[Exercise input Boundary: Start]

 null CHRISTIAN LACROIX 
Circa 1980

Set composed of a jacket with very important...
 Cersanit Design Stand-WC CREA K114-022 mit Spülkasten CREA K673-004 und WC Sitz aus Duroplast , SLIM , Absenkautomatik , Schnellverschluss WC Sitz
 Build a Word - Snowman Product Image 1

[Exercise input Boundary: End]
[Exercise input Boundary: Start]

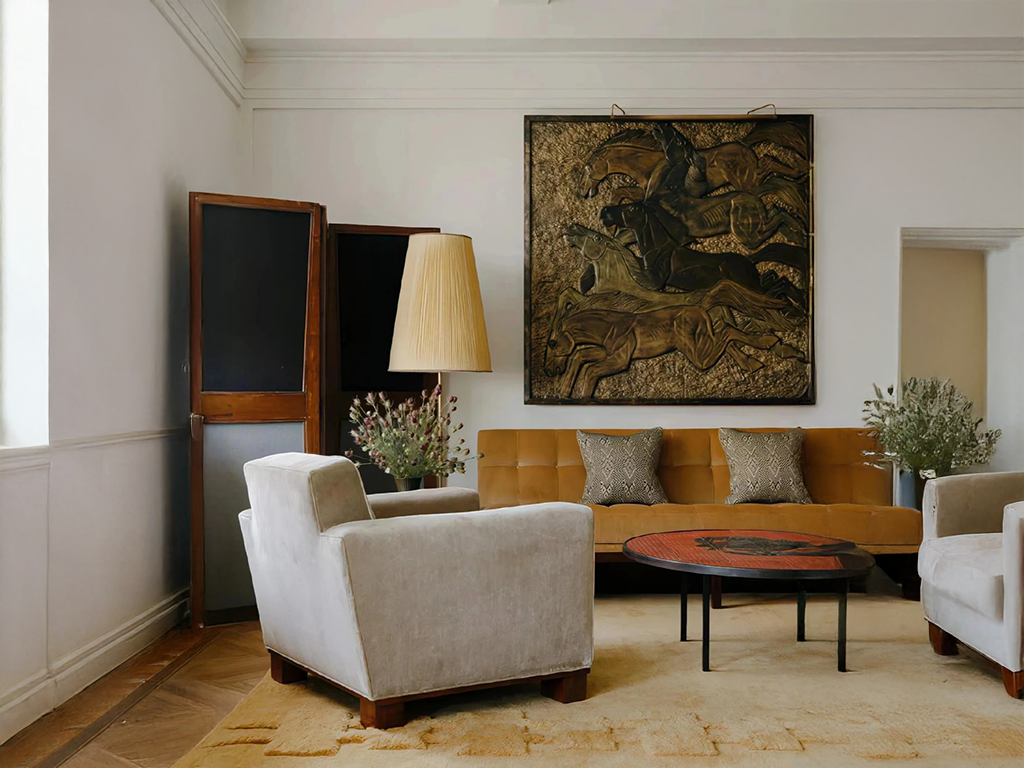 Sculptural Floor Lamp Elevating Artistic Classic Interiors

[Exercise input Boundary: End]
[Exercise input Boundary: Start]

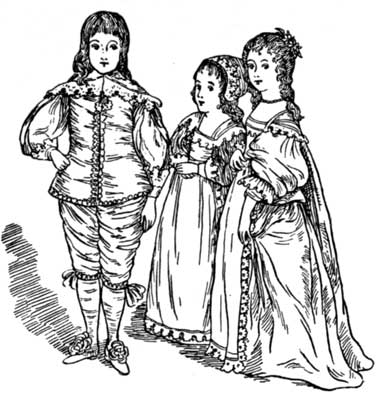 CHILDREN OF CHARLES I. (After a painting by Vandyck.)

[Exercise input Boundary: End]

Using the entries above, repeat only the lines from the one containing "Cersanit Design Stand-WC" through the one containing "Build a Word - Snowman Product Image 1", end lines included.

◆ Expected answer
 Cersanit Design Stand-WC CREA K114-022 mit Spülkasten CREA K673-004 und WC Sitz aus Duroplast , SLIM , Absenkautomatik , Schnellverschluss WC Sitz
 Build a Word - Snowman Product Image 1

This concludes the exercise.